We can also use the std::generate_n() algorithm equally well as sometimes it’s more convenient to pass the number.
Let’s first include the necessary headers and define our output function template:
#include <iostream> // <-- std::cout and std::endl
#include <iomanip> // <-- std::setw()
#include <vector> // <-- std::vector
#include <random> // <-- std::t19937 and std::uniform_int_distribution
#include <algorithm> // <-- std::generate() and std::generate_n()

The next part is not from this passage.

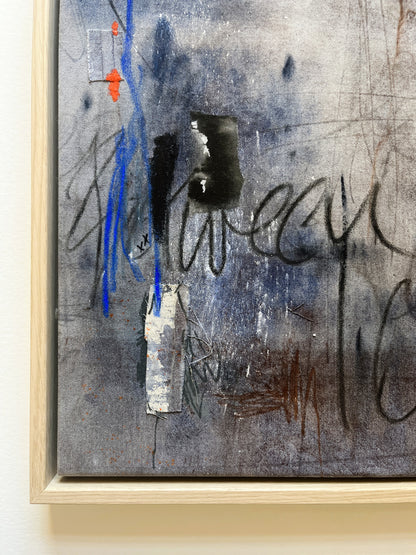 "Between The Noise I Listened" – Mixed-Media-Original inkl. Rahmen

#include <functional> // <-- std::bind() and std::ref()
template <typename RandomIterator>
void print_numbers(RandomIterator first, RandomIterator last)

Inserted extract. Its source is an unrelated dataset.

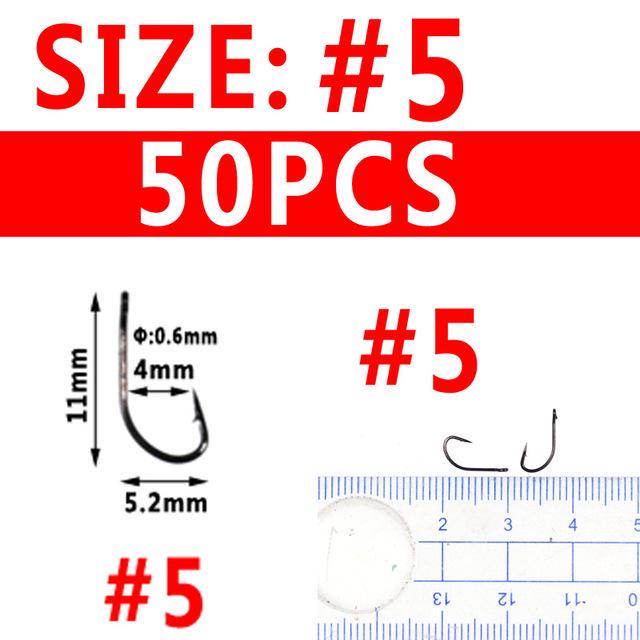 Стальные крючки для рыбалки, 50 шт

{ auto n = std::distance(first, last);
for (size_t i = 0; i < n; ++i)
{ if (0 == i % 10)
std::cout << '\n';
std::cout << std::setw(3) << *(first + i);
}
std::cout << '\n' << std::endl;
}And here are the actual codes to compare:
const unsigned long seed{2718281828};
const auto n{100};
std::vector<int> v(n);
std::mt19937 r(seed);
std::uniform_int_distribution<int> u(10, 100);
for (auto& a : v) // <-- range-based for loop (C++11)
a = u(r);
// for (size_t i = 0; i < std::size(v); ++i) // <-- old way
// v[i] = u(r);
print_numbers(std::begin(v), std::end(v));
35 92 81 73 80 22 78 71 25 66
66 12 96 35 30 26 68 76 68 63
63 29 13 65 36 37 98100 63 47
85 12 50 90 84 47 43 15 78 92
17 42 98 22 67 43 65 92 55 92
70 94 28 26 31 69 91 37 57 25
91 14 18 20 14 25 20 91 51 56
75 53 83 73 29 86 51 94 13 11
42 88 88 55 94 11 13 81 12 18
35 74 31 74 25 77 36 96 23 32
const unsigned long seed{2718281828};
const auto n{100};
std::vector<int> v(n);
std::mt19937 r(seed);
std::uniform_int_distribution<int> u(10, 100);
std::generate
( std::begin(v)
, std::end(v)
, [&]() { return u(r); }
);
print_numbers(std::begin(v), std::end(v));
35 92 81 73 80 22 78 71 25 66
66 12 96 35 30 26 68 76 68 63
63 29 13 65 36 37 98100 63 47
85 12 50 90 84 47 43 15 78 92
17 42 98 22 67 43 65 92 55 92
70 94 28 26 31 69 91 37 57 25
91 14 18 20 14 25 20 91 51 56
75 53 83 73 29 86 51 94 13 11
42 88 88 55 94 11 13 81 12 18
35 74 31 74 25 77 36 96 23 32
const unsigned long seed{2718281828};
const auto n{100};
std::vector<int> v(n);
std::mt19937 r(seed);
std::uniform_int_distribution<int> u(10, 100);
std::generate
( std::begin(v)
, std::end(v)
, std::bind(u, std::ref(r))
);
print_numbers(std::begin(v), std::end(v));
35 92 81 73 80 22 78 71 25 66
66 12 96 35 30 26 68 76 68 63
63 29 13 65 36 37 98100 63 47
85 12 50 90 84 47 43 15 78 92
17 42 98 22 67 43 65 92 55 92
70 94 28 26 31 69 91 37 57 25
91 14 18 20 14 25 20 91 51 56
75 53 83 73 29 86 51 94 13 11
42 88 88 55 94 11 13 81 12 18
35 74 31 74 25 77 36 96 23 32
const unsigned long seed{2718281828};
const auto n{100};
std::vector<int> v(n);
std::mt19937 r(seed);
std::uniform_int_distribution<int> u(10, 100);
std::generate_n
( std::begin(v)
, n
, std::bind(u, std::ref(r))
);
print_numbers(std::begin(v), std::end(v));
35 92 81 73 80 22 78 71 25 66
66 12 96 35 30 26 68 76 68 63
63 29 13 65 36 37 98100 63 47
85 12 50 90 84 47 43 15 78 92
17 42 98 22 67 43 65 92 55 92
70 94 28 26 31 69 91 37 57 25
91 14 18 20 14 25 20 91 51 56
75 53 83 73 29 86 51 94 13 11
42 88 88 55 94 11 13 81 12 18
35 74 31 74 25 77 36 96 23 32
Concluding remarks¶
We came up with four different ways to generate random numbers using an engine and a distribution. The ones more important for us are the last two: std::generate() and std::generate_n() with std::bind(). Why? Because our parallel random number generator library relies on that construct. But that’s the story for the next chapter.